-- Dataset extract follows --
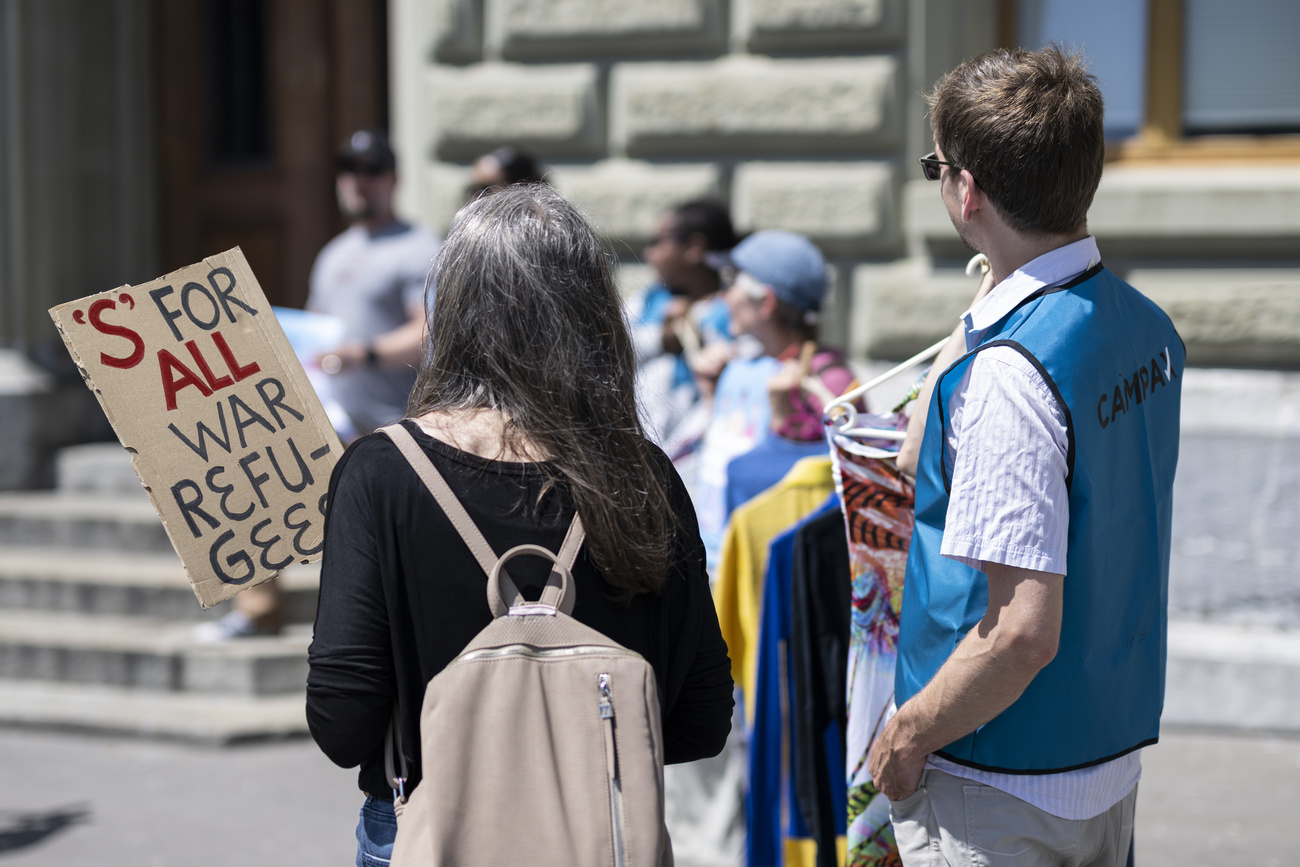 Demonstrierende vor dem Bundeshaus in der Bern mit einem Transparent, auf dem der Schutzstatus S für alle Flüchtenden gefordert wird.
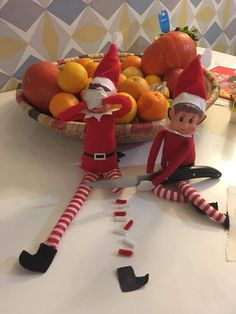 two elfs sitting in front of a bowl of fruit on a table with scissors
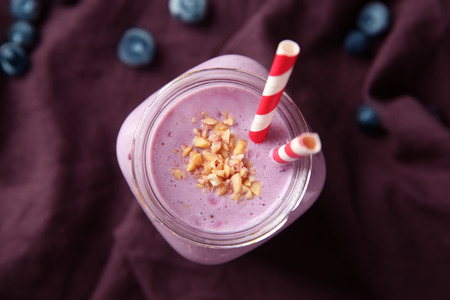 Glass jar of tasty blueberry smoothie on tableの写真素材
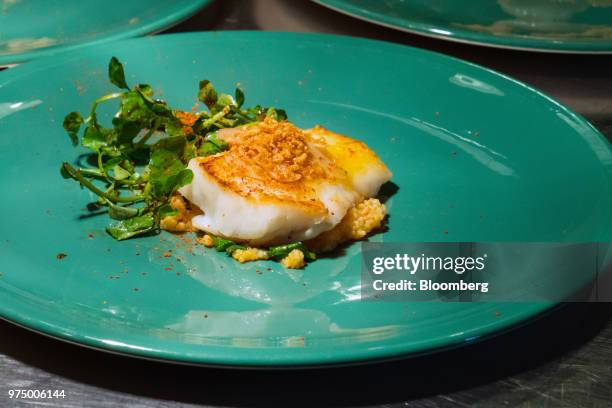 Wild Market Fish, with creamy cous cous sundried tomatoes, crispy garlic and watercress, is prepared at Ola Cocina del Mar in Singapore, on Thursday,...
-- Dataset extract concluded --
• Exercise: Set the material above down again word for word. Include none of its pictures.

• Reply:
 Demonstrierende vor dem Bundeshaus in der Bern mit einem Transparent, auf dem der Schutzstatus S für alle Flüchtenden gefordert wird.
 two elfs sitting in front of a bowl of fruit on a table with scissors
 Glass jar of tasty blueberry smoothie on tableの写真素材
 Wild Market Fish, with creamy cous cous sundried tomatoes, crispy garlic and watercress, is prepared at Ola Cocina del Mar in Singapore, on Thursday,...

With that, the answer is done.